Monday, April 29, 2019

One Hot Encoding

One hot encoding is a process by which categorical variables are converted into a form that could be provided to ML algorithms to do a better job in prediction.


Lets take a dataset of food names. In this dataset, if there was another food name it would have categorical value as 4.As the no of unique value increases, the categorical values increases.

What is Categorical Data?
  • Categorical data are variables that contain label values rather than numeric values.
  • The number of possible values is often limited to a fixed set.
  • Categorical variables are often called nominal.

Some categories may have a natural relationship to each other, such as a natural ordering.


This involves two steps:
  1. Integer Encoding
  2. One-Hot Encoding

1. Integer Encoding
As a first step, each unique category value is assigned an integer value.

For example, “Apple” is 1, “Chicken” is 2, and “Broccoli” is 3.

This is called a label encoding or an integer encoding and is easily reversible.
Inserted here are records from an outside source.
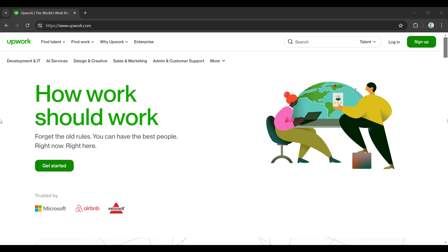Hey guys and welcome back to How to Guide. In this video, we're gonna look at how to log out of your Upwork account. Now let's begin.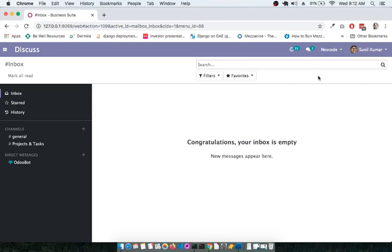Hello everyone, my name is Sunil and I would like to start a new screencast for an open source ERP called Odoo. We at Nescode implement and customize Odoo for SMEs and startups, primarily in the service, manufacturing, retail sectors.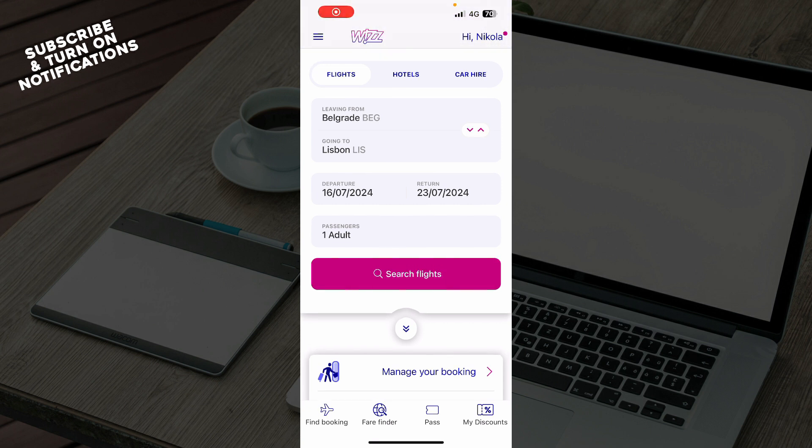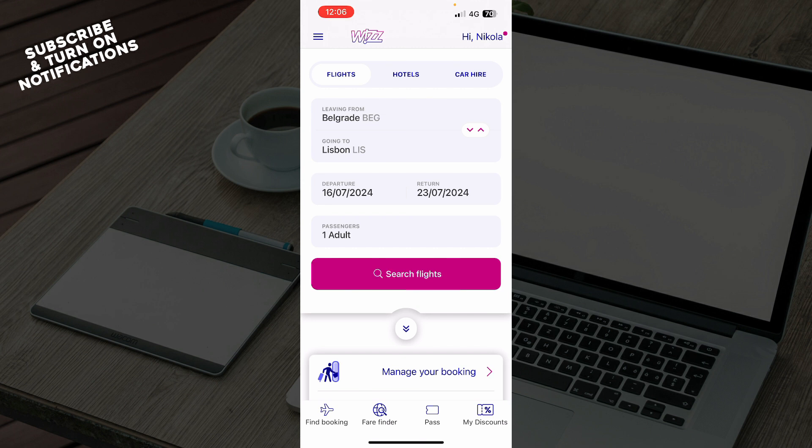The first thing you need to do is go to the Google Play Store or the App Store and download the Wizz Air application. When you did that, you need to log in to your profile, but if you do not have one, you can always register to Wizz Air.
For some variables, this may be enough.

The integer values have a natural ordered relationship between each other and machine learning algorithms may be able to understand and harness this relationship.

2. One-Hot Encoding
For categorical variables where no such ordinal relationship exists, the integer encoding is not enough.

In fact, using this encoding and allowing the model to assume a natural ordering between categories may result in poor performance or unexpected results (predictions halfway between categories).

In this case, a one-hot encoding can be applied to the integer representation. This is where the integer encoded variable is removed and a new binary variable is added for each unique integer value.